Stanley B. Greenberg of the New York Times seems to think the Tea Party has successfully taken advantage of a growing distaste and dissatisfaction with government. The public feels a substantial disconnection with their representatives in Washington. The question is why should this dissatisfaction with government in general lead to a dissatisfaction with the Democratic Party, the party that has consistently (and usually successfully) garnished higher wages, lower unemployment rates, and great productivity? Greenberg writes:
In analyzing these polls in the United States, I see clearly that voters feel ever more estranged from government — and that they associate Democrats with government. If Democrats are going to be encumbered by that link, they need to change voters’ feelings about government. They can recite their good plans as a mantra and raise their voices as if they had not been heard, but voters will not listen to them if government is disreputable.
With the economy crumbling and the politicians apparently bickering amongst themselves over the debt ceiling issue, the prevailing distaste for government doesn’t sound too unreasonable. Greenberg continues:
GOVERNMENT operates by the wrong values and rules, for the wrong people and purposes, the Americans I’ve surveyed believe. Government rushes to help the irresponsible and does little for the responsible. Wall Street lobbyists govern, not Main Street voters. Vexingly, this promotes both national and middle-class decline yet cannot be moved by conventional democratic politics. Lost jobs, soaring spending and crippling debt make America ever weaker, unable to meet its basic obligations to educate and protect its citizens. Yet politicians take care of themselves and party interests, while government grows remote and unresponsive, leaving people feeling powerless.

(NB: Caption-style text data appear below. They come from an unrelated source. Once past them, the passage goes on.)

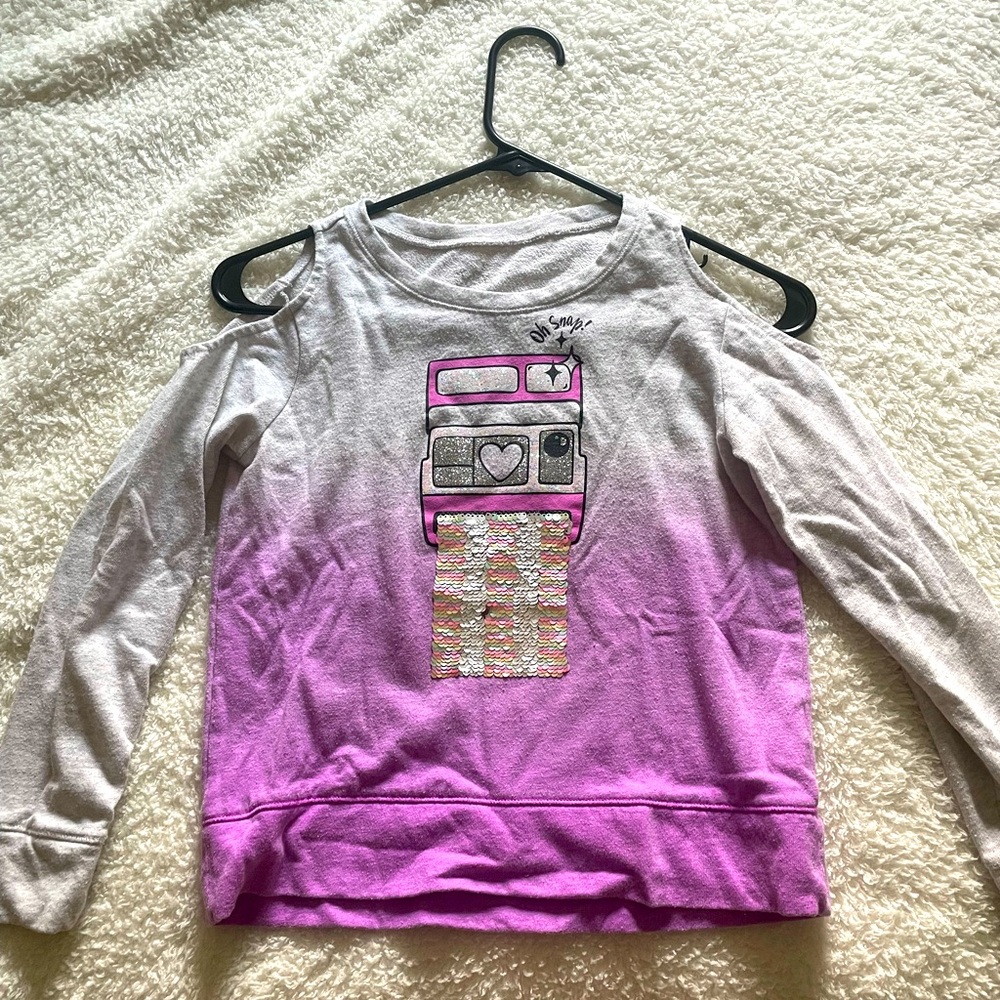 girl’s sweater- justice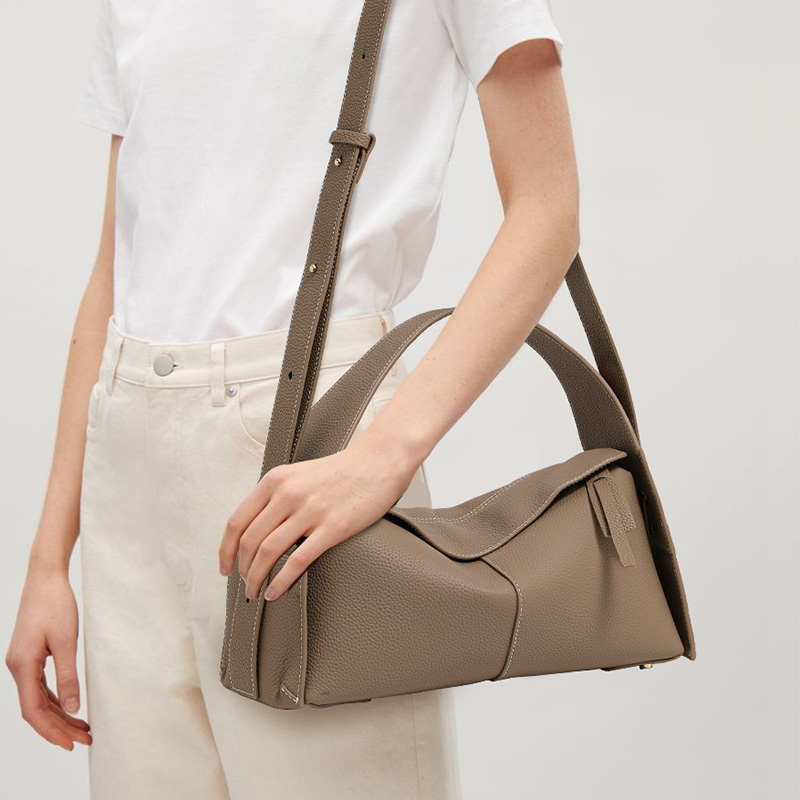Leather pillow bag official we - Women'S Fashion Website 리뷰 및 가격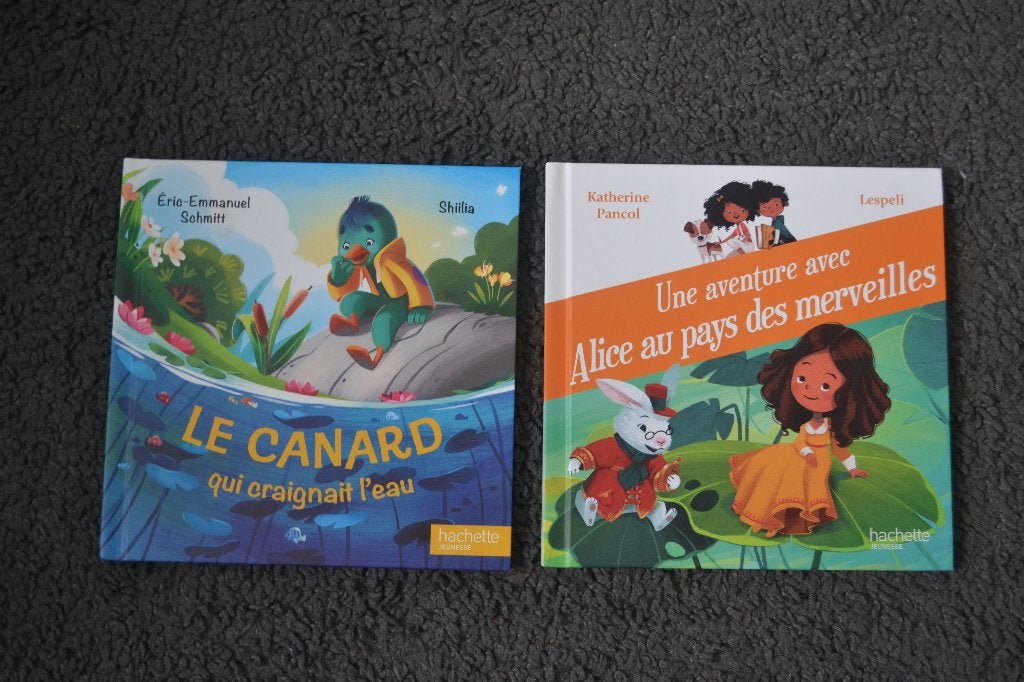 2 livres "Canard craignait l'eau/Alice Pays des Merveilles", Livres, Enlèvement ou Envoi, Comme neuf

This feeling of powerlessness is surely widespread, and has lead to mostly apathy, painful and pervasive apathy. I know I’ve had my own moments of apathy, where I’m not sure why I even bother. Wouldn’t cutting back as many governments as possible help to cut down on the governments irresponsibility? Just let the free market sort it all out, right?

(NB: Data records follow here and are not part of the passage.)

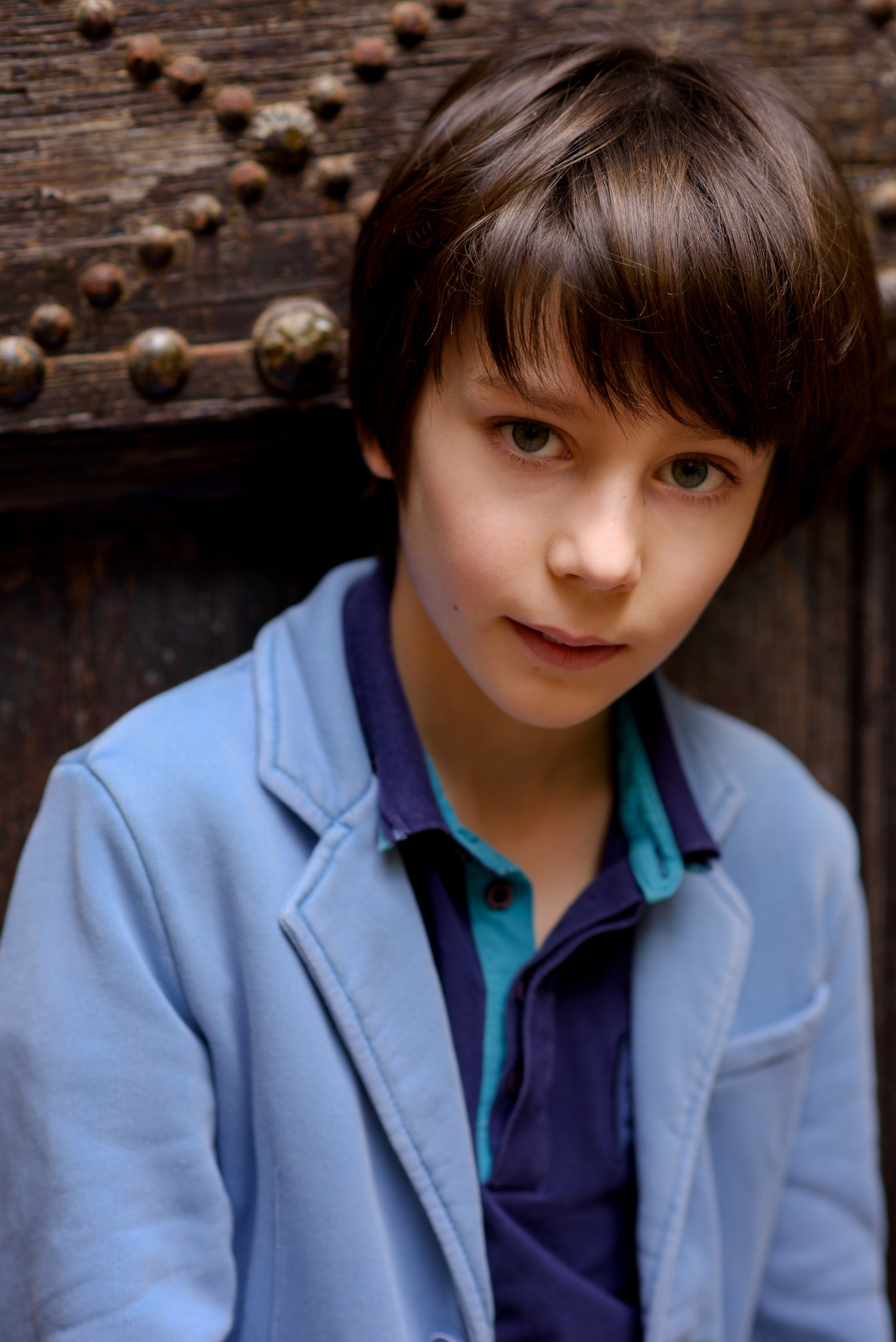 Фотосессия мальчика в старом городе. Главная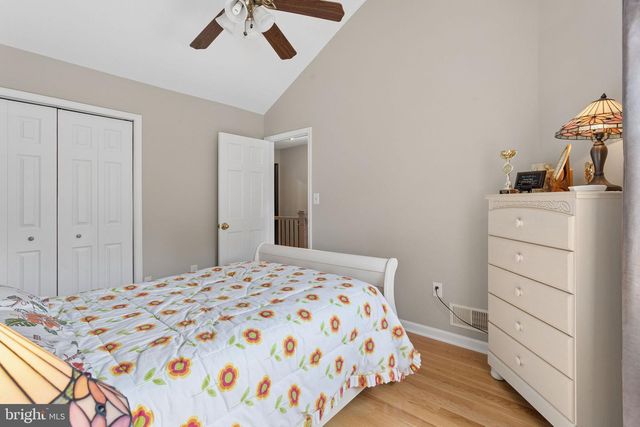 41 KINGSLAND CIR, Monmouth Junction, NJ 08852
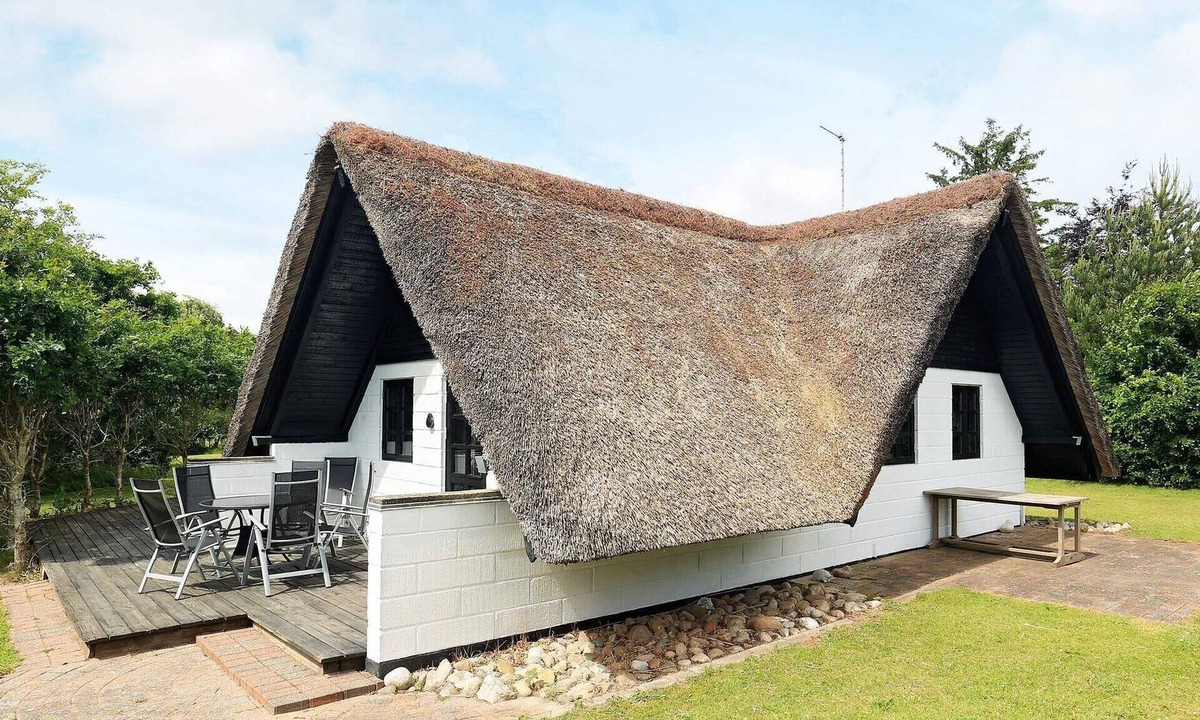 Hojslev House | 8 person holiday home in Højslev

Unfortunately, it’s not that easy, and I don’t think a lot of Tea Partiers understand that. The way the apathy can be overcome is to realize that the government is only as inefficient as we let it become. It’s easy to forget we live in a representative democracy. And the more that we forget that fact, the less true it becomes, which is a big problem.
So the solution is to step back in as much as possible and take charge of our democracy. This means moving the decision making to the lowest democratic level possible. If a zoning issue can be dealt with via a small neighborhood-wide vote, then that’s the best way to do it. It is this sort of rhetoric (and action) the democrats need to implement. The public understands that the democrats can throw money at a problem all day, and not a whole lot gets done. Greenberg argues that the democrats, like the Tea Party, need to more effectively reach the dissatisfied public and truly address their grievances:
The Democrats have to start detoxifying politics by proposing to severely limit or bar individual and corporate campaign contributions, which would mean a fight with the Supreme Court. They must make the case for public financing of campaigns and force the broadcast and cable networks to provide free time for candidate ads. And they must become the strongest advocates for transparency in campaign donations and in the lobbying of elected officials.

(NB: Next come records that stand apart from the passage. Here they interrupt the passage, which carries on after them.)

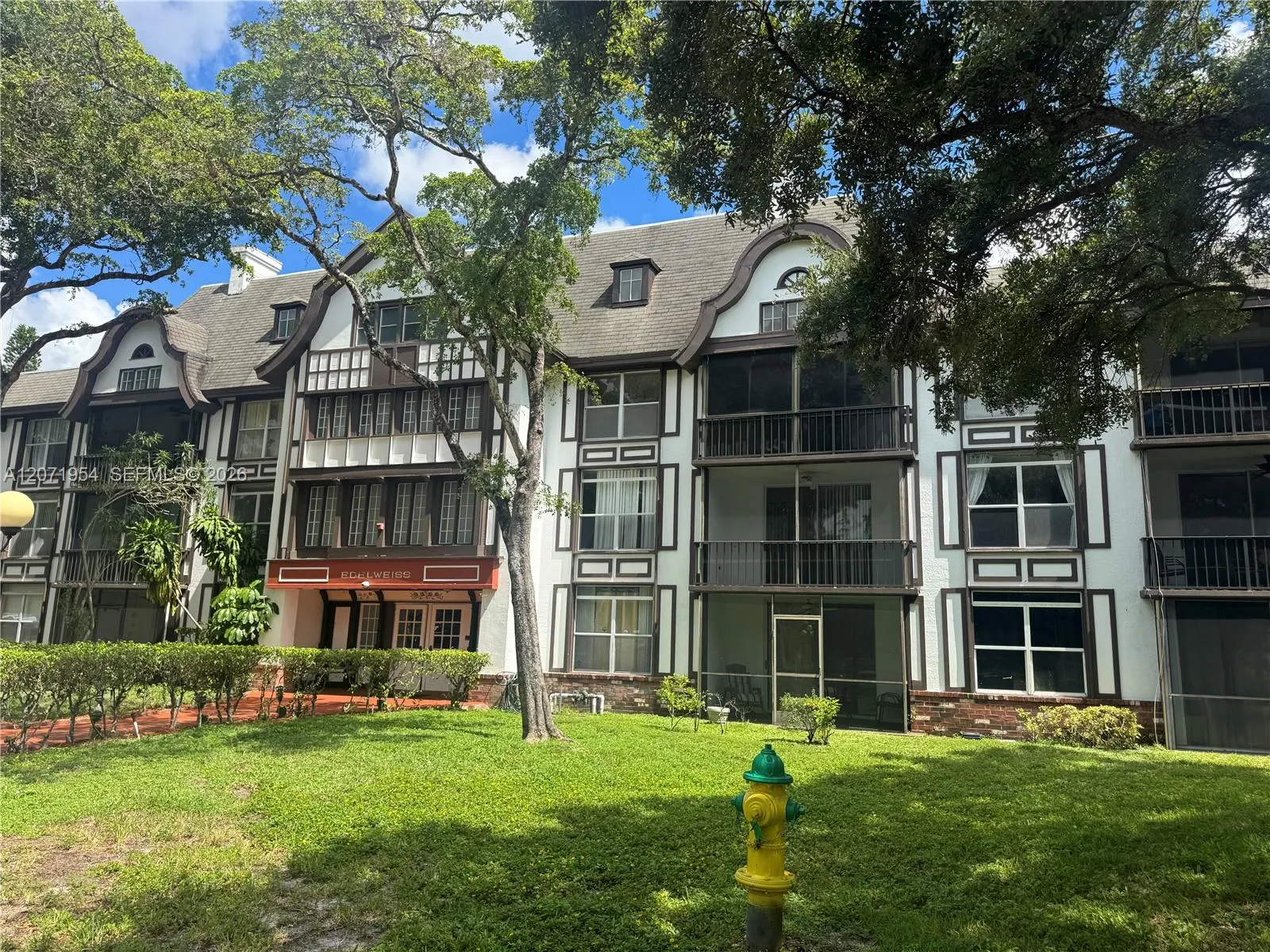Foto de propiedad en 3740 Inverrary Drive 2Q, Lauderhill, FL 33319 Lauderhill con MLS# 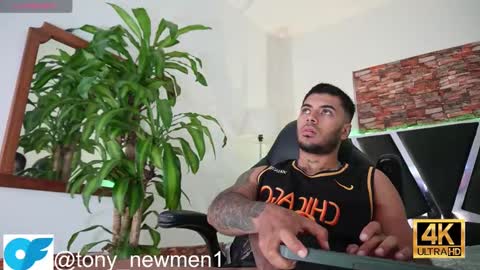 Snapshot of tony_newmen chatting on December 19, 2:02 pm tony online show from December 19, 2:02 pm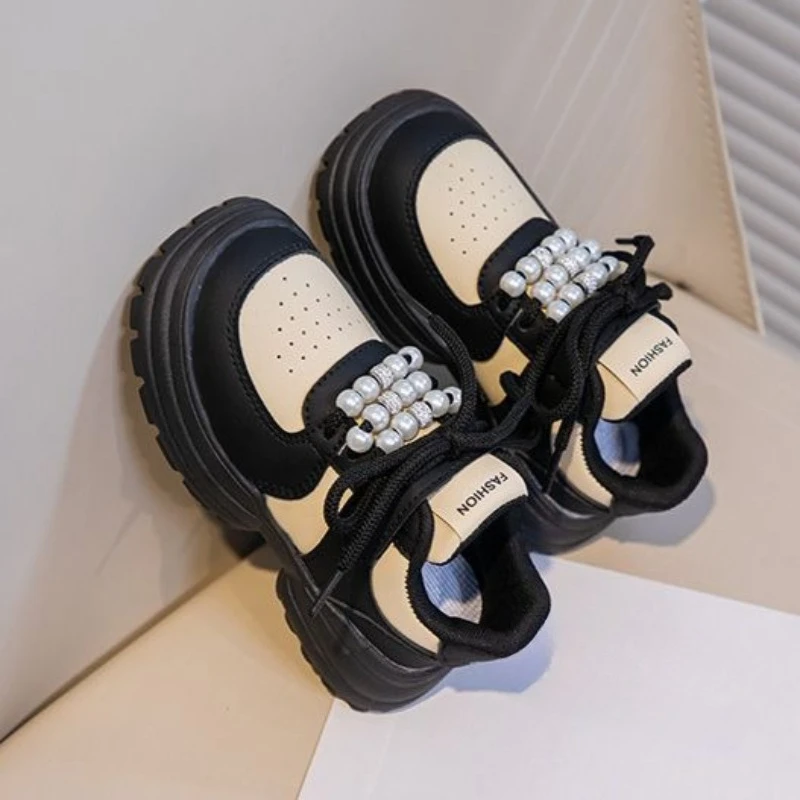 

2026 Autumn New Fashion Kids Leather Casual Shoes Trendy Black Design Girls Comfortable Footwear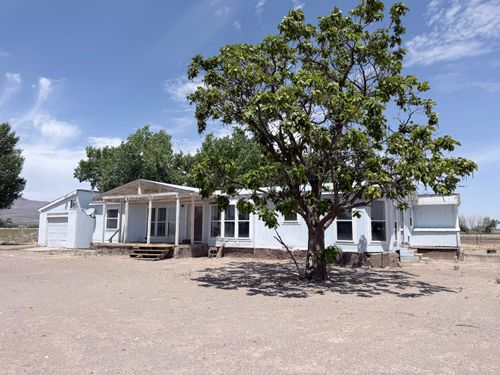 95 Pete Chavez Rd, Lemitar, NM, 87823-5611 | Card Image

IF they want to win the trust of the public, Democrats should propose taxing lobbyist expenses and excessive chief executive bonuses and put a small fee on the sale of stocks, bonds and other financial instruments. By radically simplifying the tax code to allow only a few deductions, the Democrats would generate new revenue and remove the loopholes that allow special interests to win favorable treatment. The ordinary citizen, according to our surveys and focus groups, feels there is no way to play that game and views simplifying the tax code as an important reform.
President Obama promised this sort of transparency when he first took office, and we’ve seen the government become substantially more open, but it’s still too difficult to track down information on the lobbyists that hold sway over Washington officials. If the democrats want to get serious about fixing the problems, than Greenberg’s recommendations are a good place to start. I, myself am a little hesitant to reelect a president that continued many of the policies of George W. Bush. Third Party, perhaps?